Pour beaucoup, l’argent liquide semble désormais presque devenu anachronique depuis que nos smartphones nous permettent d’effectuer des paiements facilement. La manière dont les habitants de pays riches comme les États-Unis et la Suède, ainsi que les habitants de pays plus pauvres comme l’Inde et le Kenya, règlent leurs achats, même les plus basiques, a changé en quelques années. Cette évolution peut apparaître comme un facteur potentiel d’inégalité : si l’argent liquide disparaît, imagine-t-on, cela pourrait priver de leurs droits les personnes âgées, les pauvres et les autres personnes désavantagées sur le plan technologique. Dans la pratique, cependant, le taux d’équipement en téléphones est extrêmement élevé dans de nombreux pays. Et l’argent numérique, s’il est mis en œuvre correctement, pourrait être une grande force d’inclusion financière pour les ménages ayant peu accès aux systèmes bancaires formels.

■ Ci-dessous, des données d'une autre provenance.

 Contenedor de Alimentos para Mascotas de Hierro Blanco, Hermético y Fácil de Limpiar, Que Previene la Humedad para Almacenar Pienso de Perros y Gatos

Par ailleurs, l’argent liquide a encore de beaux jours devant lui. Pendant la pandémie, alors même que les paiements sans contact se répandaient, la demande en argent liquide a bondi au sein des grandes économies, y compris aux États-Unis, sans doute parce que les gens y voyaient une forme d’épargne sûre.

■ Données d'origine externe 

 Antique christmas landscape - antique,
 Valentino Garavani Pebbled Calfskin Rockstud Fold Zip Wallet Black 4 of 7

L’introduction du bitcoin début 2009, alors que la crise financière mondiale avait décimé la confiance dans les gouvernements et les banques, ne pouvait pas mieux tomber. Mais même s’il a gagné en popularité, le bitcoin a buté sur certains usages basiques. La volatilité de la valeur du bitcoin, avec de fortes variations de prix d’un jour à l’autre, en a fait un moyen de paiement peu fiable. De plus, il s’avère que la crypto-monnaie ne garantit pas l’anonymat – les identités numériques des utilisateurs peuvent, au prix d’un certain effort, être reliées à leurs identités réelles (d’une certaine manière, c’est une bonne chose, car les transactions en bitcoin qui alimentaient autrefois le dark web, où se pratique un commerce peu recommandable et illicite, ont fortement diminué). Aujourd’hui, le bitcoin et d’autres crypto-monnaies du même type sont pour la plupart devenus des actifs financiers spéculatifs, avec peu de valeur intrinsèque et des valorisations faramineuses qui ne sont soutenues par rien d’autre que la foi des investisseurs.

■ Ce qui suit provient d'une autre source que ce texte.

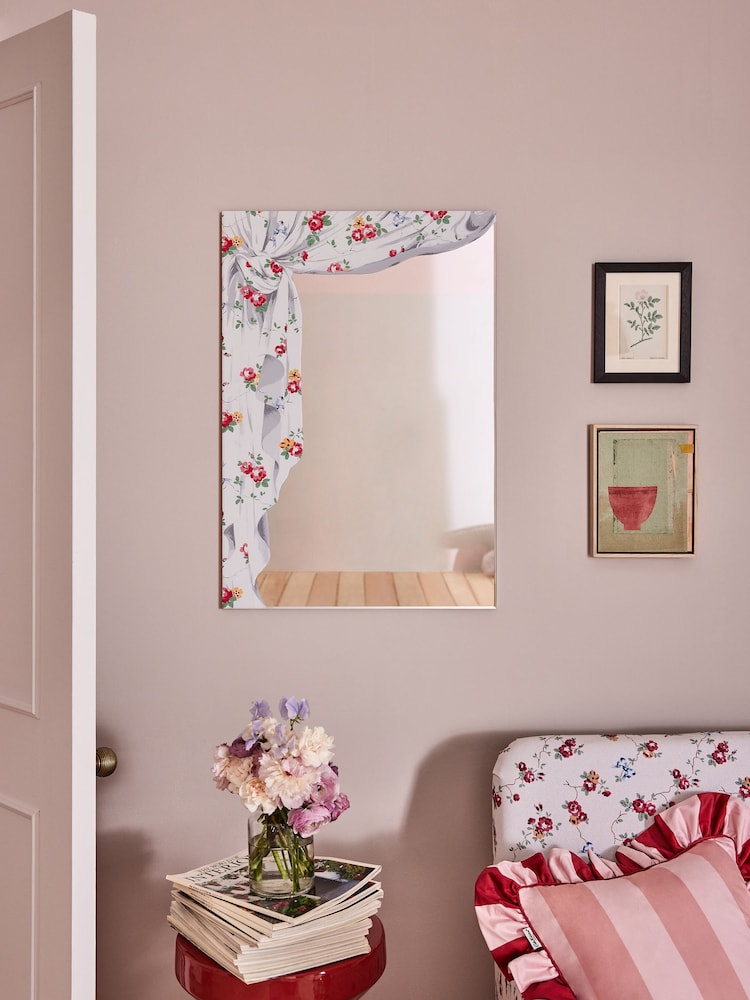 Cath Kidston Pink/White Curtain Printed Mirror - Image 1 of 4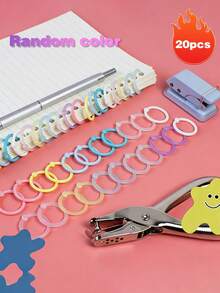 Bộ 20 chiếc vòng kẹp giấy đa năng, bao gồm thẻ, vòng đục lỗ, kẹp giấy, phụ kiện lưu trữ sáng tạo. - A - Xem 12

Une nouvelle génération de crypto-monnaies émerge qui promet de corriger de nombreux défauts du bitcoin. Les stablecoins, des crypto-monnaies dont la valeur stable est garantie par des réserves de dollars américains ou d’autres monnaies fiduciaires réputées, prolifèrent. Ces monnaies sont présentées comme des systèmes de paiement numériques fiables et faciles d’accès qui rendront les paiements nationaux et internationaux moins chers et plus rapides. Cependant, contrairement au bitcoin, qui est entièrement décentralisé, ils exigent que les transactions soient validées par l’institution émettrice, qui peut être une banque, une société ou simplement une entité en ligne. Cela signifie que les utilisateurs doivent faire confiance à cette institution pour ne valider que les transactions légitimes et détenir des réserves suffisantes, et les régulateurs n’exigent actuellement aucune vérification indépendante de ces deux actions.
À quoi ressemblera le monde de la monnaie dans cinq ou dix ans ? Nous pourrions imaginer un monde où de nombreuses personnes détiennent des portefeuilles numériques contenant un mélange d’argent sur des comptes bancaires traditionnels, de stablecoins gérés par des sociétés privées et peut-être une ou plusieurs monnaies numériques de banques centrales, qu’elles déplacent en fonction des conditions mondiales.